What is the subject of the eighth Article?

"The Three Creeds."

What is a Creed?

A form of words in which we profess our belief in certain divine things or truths.

What is the Creed which is here named "Nicene Creed?"

That which is said in the Communion Office, in the Church of England, and allowed to be said in the Morning and Evening Service in the Church in the United States.

Why is it called Nicene?

Because it contains the Creed drawn up at the great council of bishops, held at Nicæa, in Bithynia, a. d. 325, as afterwards enlarged at the second General Council, of Constantinople, a. d. 381. What were the chief objects of it?

To declare the true faith in the Godhead of our Lord Jesus Christ, in opposition to those who taught that He was not God, equally with the Father; and to declare the Godhead of the Holy Ghost.

[What is the Creed here named "Athanasius' Creed?"[2]

That which is used in Morning Prayer on certain days instead of the Apostles' Creed.

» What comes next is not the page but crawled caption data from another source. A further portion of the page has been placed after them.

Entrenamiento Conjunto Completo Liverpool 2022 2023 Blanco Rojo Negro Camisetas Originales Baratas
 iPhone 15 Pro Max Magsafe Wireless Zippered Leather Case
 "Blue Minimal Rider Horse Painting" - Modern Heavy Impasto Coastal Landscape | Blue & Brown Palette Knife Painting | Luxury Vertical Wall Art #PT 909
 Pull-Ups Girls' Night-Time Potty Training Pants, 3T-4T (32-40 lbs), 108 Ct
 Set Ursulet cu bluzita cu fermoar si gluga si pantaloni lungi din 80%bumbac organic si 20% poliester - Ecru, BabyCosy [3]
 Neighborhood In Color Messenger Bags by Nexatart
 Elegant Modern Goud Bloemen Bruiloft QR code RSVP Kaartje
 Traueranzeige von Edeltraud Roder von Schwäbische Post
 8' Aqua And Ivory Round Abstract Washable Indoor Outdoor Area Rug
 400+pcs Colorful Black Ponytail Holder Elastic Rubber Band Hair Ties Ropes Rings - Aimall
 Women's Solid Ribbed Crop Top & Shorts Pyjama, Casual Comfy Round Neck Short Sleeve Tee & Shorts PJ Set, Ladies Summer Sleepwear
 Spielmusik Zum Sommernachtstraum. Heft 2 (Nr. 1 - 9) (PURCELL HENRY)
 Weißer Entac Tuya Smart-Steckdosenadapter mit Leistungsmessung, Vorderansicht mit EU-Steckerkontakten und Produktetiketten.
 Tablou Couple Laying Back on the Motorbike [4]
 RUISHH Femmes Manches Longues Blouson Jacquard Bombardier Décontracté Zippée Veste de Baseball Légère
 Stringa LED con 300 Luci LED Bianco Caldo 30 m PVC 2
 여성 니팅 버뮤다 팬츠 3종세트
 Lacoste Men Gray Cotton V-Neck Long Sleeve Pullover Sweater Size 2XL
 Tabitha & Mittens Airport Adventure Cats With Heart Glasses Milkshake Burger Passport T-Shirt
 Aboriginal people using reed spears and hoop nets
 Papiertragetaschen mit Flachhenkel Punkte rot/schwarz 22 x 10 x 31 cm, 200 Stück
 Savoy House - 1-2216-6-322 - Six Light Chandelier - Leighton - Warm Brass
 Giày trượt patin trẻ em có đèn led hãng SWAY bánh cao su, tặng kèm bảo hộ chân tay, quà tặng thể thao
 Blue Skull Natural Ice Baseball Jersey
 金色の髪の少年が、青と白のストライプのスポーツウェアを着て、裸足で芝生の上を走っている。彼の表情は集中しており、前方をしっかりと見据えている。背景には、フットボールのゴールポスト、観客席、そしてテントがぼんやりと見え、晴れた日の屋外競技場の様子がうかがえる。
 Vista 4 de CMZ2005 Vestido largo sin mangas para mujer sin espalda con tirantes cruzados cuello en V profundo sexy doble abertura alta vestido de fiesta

Why is it called "Athanasius' Creed?"

Because it was drawn up in support of the doctrines for which Athanasius contended and suffered.

Who was St. Athanasius?

An archbishop of Alexandria, who flourished at the time of the council of Nicæa, and for many years after.

What were the doctrines supported by him?

The true doctrines in regard to the Father, Son, and Holy Ghost, and in regard to the Godhead and Manhood of Christ.]

Why is the other Creed called "the Apostles'?"

Because it contains the doctrine taught by the Apostles to new converts.

What does the Article say with respect to these Creeds? That "they ought thoroughly to be received and believed."

Why was it necessary to say this?

Because there were persons and sects who objected to them, either in whole or in part.

What reason does the Article give why we should receive and believe them thus thoroughly?

"Because they may be proved by most certain warrants of Holy Scripture."

Who determines that?

The Church, as "having authority in controversies of faith."

How does the Church carry out this declaration concerning the Creeds?

By requiring the profession of the Apostles' Creed from every person, first before Baptism, and secondly before Confirmation; and by appointing them to be rehearsed by the congregation in divine worship.

  1. During the latter months of the year, according to the English calendar, (from Sept. 27th to Nov. 23d,) lessons are appointed in the daily service from Tobit, Judith, Wisdom, Ecclesiasticus, Baruch, History of Susanna, and Bel and the Dragon.
  2. The part in brackets applies to the Articles of the Church of England only; mention of the Athanasian Creed having been omitted in the Article in the American Prayer-book.